The arched entrance to The White Rabbit sets the mood, a scene straight out of the Middle Ages replete with intricate stained-glass windows. For the interior, Teng scoured antique stores from Jalan Sultan Road to Little India for one-of-a-kind finds: antique chemist bottles containing the gunk of yesteryear, empty bottles of Old Spice, a 1930s art-deco lamp, a banker’s lamp and a golden butler boy (from a Craig Road antiques store) that greets you with a smile as you enter the toilet, which Teng pointed out excitedly. Working closely with design company Asylum and interiordesign firm Takenouchi Webb (whose owners plan to get married in The White Rabbit), Teng was adamant about balancing old and new, his handpicked treasures complementing Webb’s custom-designed furniture and lighting.
And with more than 40,000 square feet of property at their disposal, Teng did not ignore the lush greenery surrounding the chapel. Located at the back of the church is the bar area, which opens to a grassy knoll. At the moment, a family of animal sculptures made of wire and grass occupies the backyard, but in time Teng promises the space will also host picnics, barbecues and even a bandstand for outdoor concerts. ‘We want people to experience the nightlife in other ways by pushing the garden scene and letting the party spill outdoors,’ Teng says. Considering the success of last month’s Night Festival and Beatnik Picnic, events held at the National Museum of Singapore and SMU Green, perhaps outdoor partying is a trend-in-the-making.
Teng and young Swedish mixologist Dannie Sorum also predict the rise of Singapore’s cocktail culture. ‘People are travelling more these days and are [more] discerning when it comes to what they drink,’ says Sorum excitedly. ‘We’re experiencing a cocktail culture here in Asia, and it’s only the beginning. As our customers become more adventurous, the more fun we’ll have concocting or reinventing classic drinks like Gin Fizz.’ For the record, the team has differentiated its version by adding a squeeze of grapefruit and a trace of elderflower to give it a twist.
At the moment, The White Rabbit bar staff is still hard at work fine-tuning its cocktails and mocktails menu.

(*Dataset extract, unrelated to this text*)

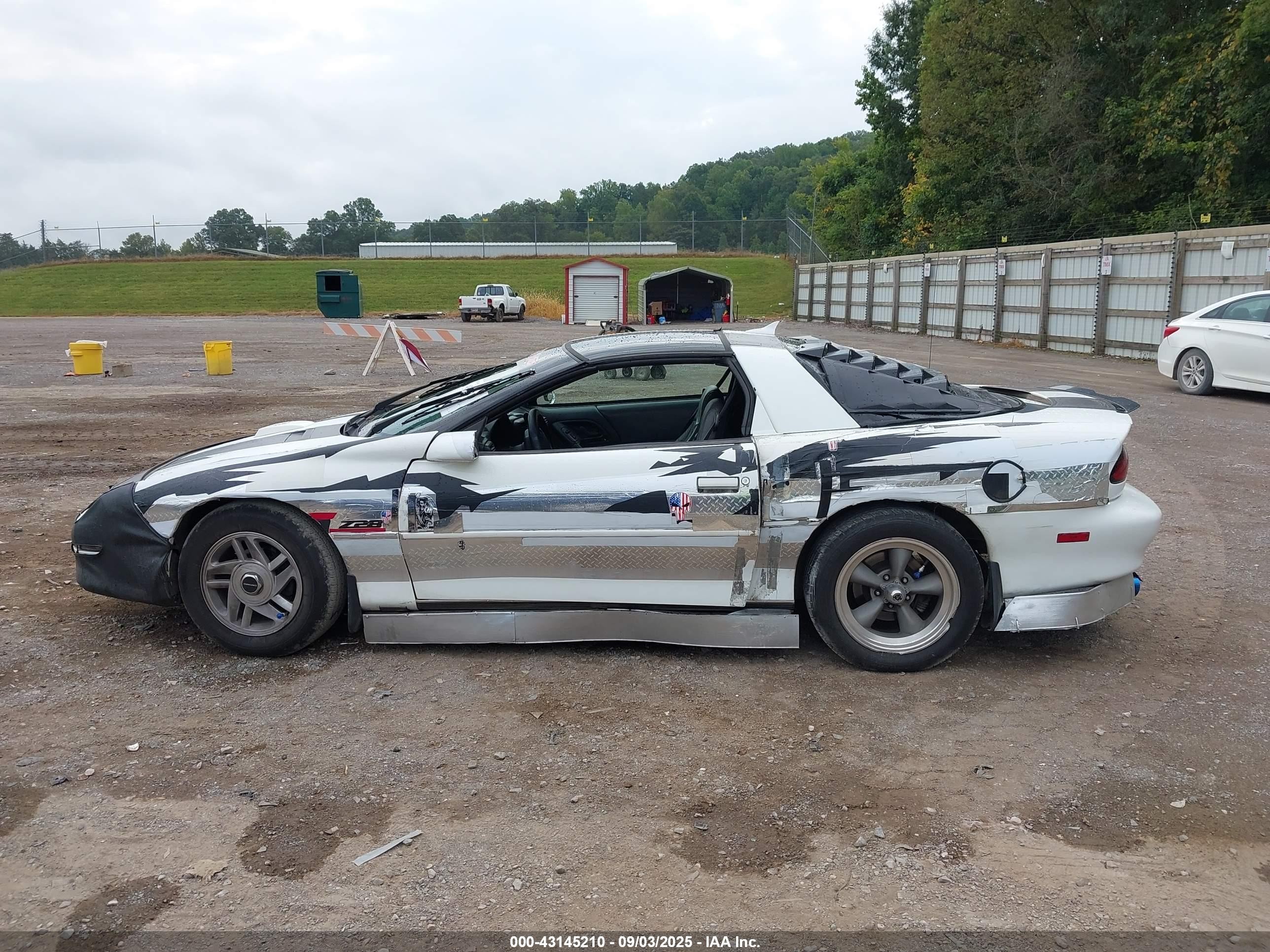 1997 Chevrolet Camaro Z28 White vin: 2G1FP22P1V2106094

Hasnor, who used to have regular nights deejaying at MoS
, has sworn allegiance to the new venue, and reckons ‘it will be the place for pre-clubbing drinks’. Only time will tell whether this new haunt will survive the transient tastes of nightlife-seekers in Singapore. But it’s our guess that when you make your way through the rabbit hole, you’ll find the bottle that says ‘drink me’ and the dish that says ‘eat me’, and shrink into the ambience.